In typical Vene fashion, I confused the dates. The talk is tomorrow. Now I wish I realized that before I woke up at 8 a.m. to put makeup on.
What talk? A talk I’ve been hired to give about my life with autism. It’s been in the works for months. I’ve had the date on my calendar and I still managed to fixate on Wednesday instead of Thursday. And while I was getting dressed, I thought, for the millionth time, do I even have autism?
This isn’t the first or the last time I will do this. It’s something that adds tons of anxiety to my non-Covid life. I’ve gotten to jobs on the wrong day, classes on the wrong day, airports on the wrong day. Wrong day, wrong time, wrong place.
As a student this really sucked because finals were never at the time the class took place. Those nightmares you have of showing up for a test unprepared? That’s my real life.
But in Covid times, it just means I got ready for something that happens tomorrow. This is why I put the term in my public speaking contract that I have a sort of concierge within the company. Because I can’t be trusted to manage this stuff and getting a hundred emails from many different names and departments just ups the confusion. This is why I couldn’t hold down a regular job without accommodations.

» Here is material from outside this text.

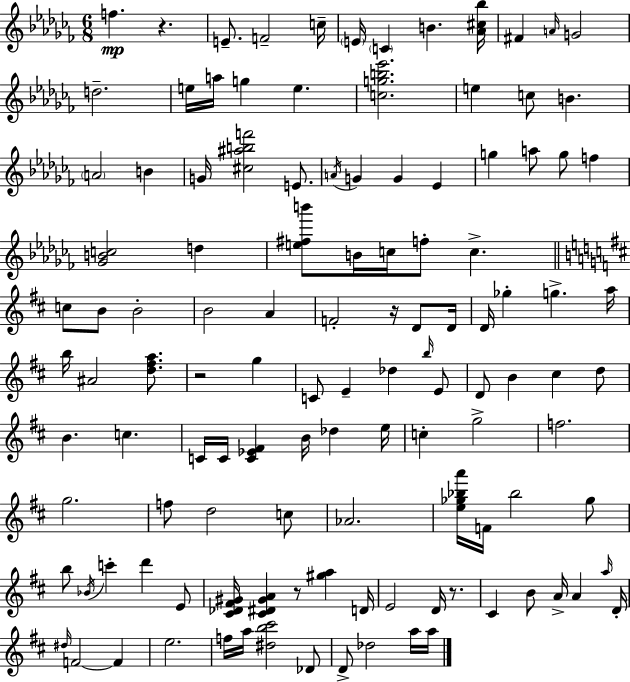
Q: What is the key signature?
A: AES minor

When I practiced law, I was a fucking ball of nerves and not just because I worked at the law firm from hell. Try reading any book of court procedure. Everything is time sensitive. It’s intentionally set up to make things difficult and get you to fail. Ten days, but is that calendar days or business day? When do you start counting? When is something considered received? Lawyers fight all these things and cases are won and lost on bullshit administrative decisions. So, of course, lawyers wake up in the middle of the night terrified that they did something wrong.
My disability is invisible. What people mostly see is the shadow of my disability. Me compensating for the problems I’ve dealt with since childhood. I used to get punished terribly for things I had no way of controlling. I suffered into my mid thirties because I couldn’t figure out life the way everyone else had. Very few friends, no self-esteem, no one to help me or believe in me. Suicidal practically all the time. What you see now is just someone who shows up to her own public speaking engagements about autism on the wrong day.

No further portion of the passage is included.